Federal Deputy Chief Information Officer, Office of Management and Budget
- In office 2016–2019

Personal details
- Born: Margaret Graves
- Education: University of Virginia (B.S. Chemistry) University of Virginia Darden School of Business (M.B.A.)
- Known for: Federal IT modernization, U.S. Department of Homeland Security IT leadership

= Margie Graves =

American government technology executive

Margie Graves (born Margaret Graves) is an American government technology executive. She served as Federal Deputy Chief Information Officer and Acting Federal CIO within the Office of Management and Budget (OMB) from 2016 to 2019, and previously as Deputy CIO at the U.S. Department of Homeland Security (DHS).

== Background ==

Graves holds a B.S. in Chemistry and an M.B.A. from the University of Virginia Darden School of Business. Before entering federal service she spent approximately ten years at the management consulting firm A.T. Kearney.

== Department of Homeland Security ==

Graves was one of the original "plank holders" of the U.S. Department of Homeland Security, helping to establish the agency following the September 11 attacks. Over 14 years at DHS, she rose to Deputy CIO, overseeing an IT portfolio of $5.4 billion in programs.
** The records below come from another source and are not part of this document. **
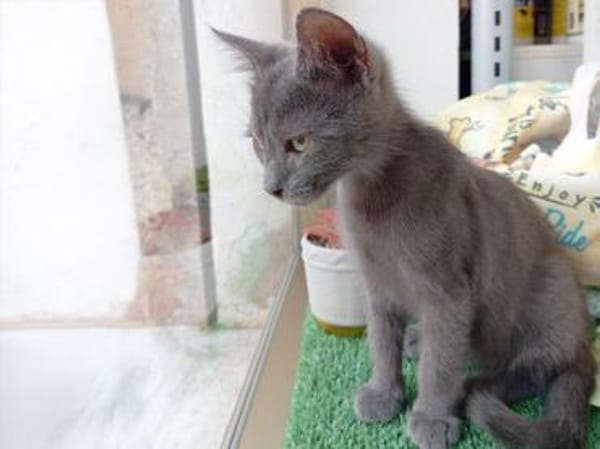 Schenken Sie Mimmo ein Zuhause?
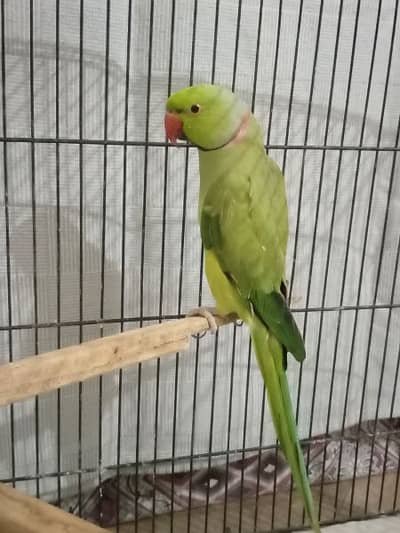 breeder male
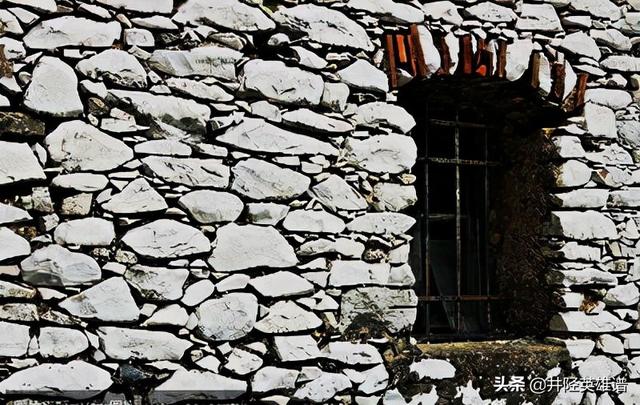 蟋蟀叫声大全，夜晚蛐蛐儿<蟋蟀>的叫声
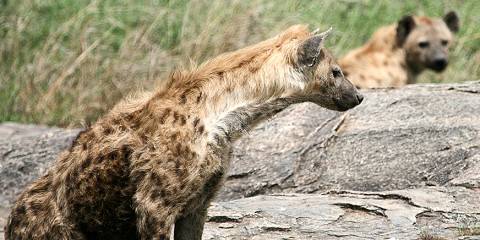 Safari from Arusha to View the Great Wildebeests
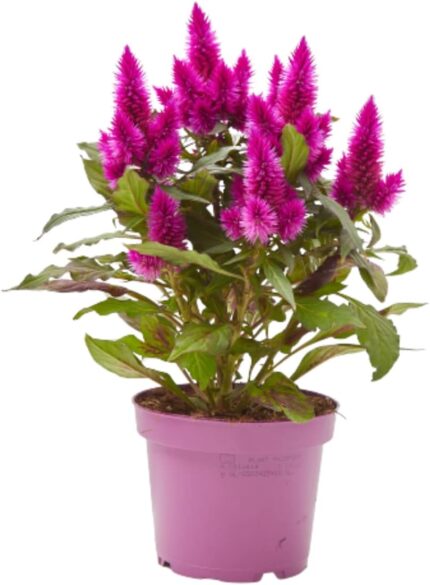 comprar plantas de celosia online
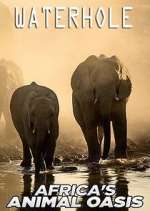 Watch Waterhole: Africa's Animal Oasis 2KMovies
== Office of Management and Budget ==

Graves joined the Office of Management and Budget as Federal Deputy CIO in March 2016, and also served as Acting Federal CIO during the first year of the Trump administration. Working alongside Federal CIO Suzette Kent, she helped develop several government-wide IT initiatives, including the Cloud Smart policy, the Technology Modernization Fund, the Federal Cyber Reskilling Academy, and the Trusted Internet Connections program. She was named a Federal 100 Government Eagle Award winner in 2019. She departed OMB on December 31, 2019.

== Post-government career ==

Graves is a Senior Fellow with the IBM Center for The Business of Government and a fellow of the National Academy of Public Administration. She has served as President of the American Council for Technology and Chair of the Industry Advisory Council.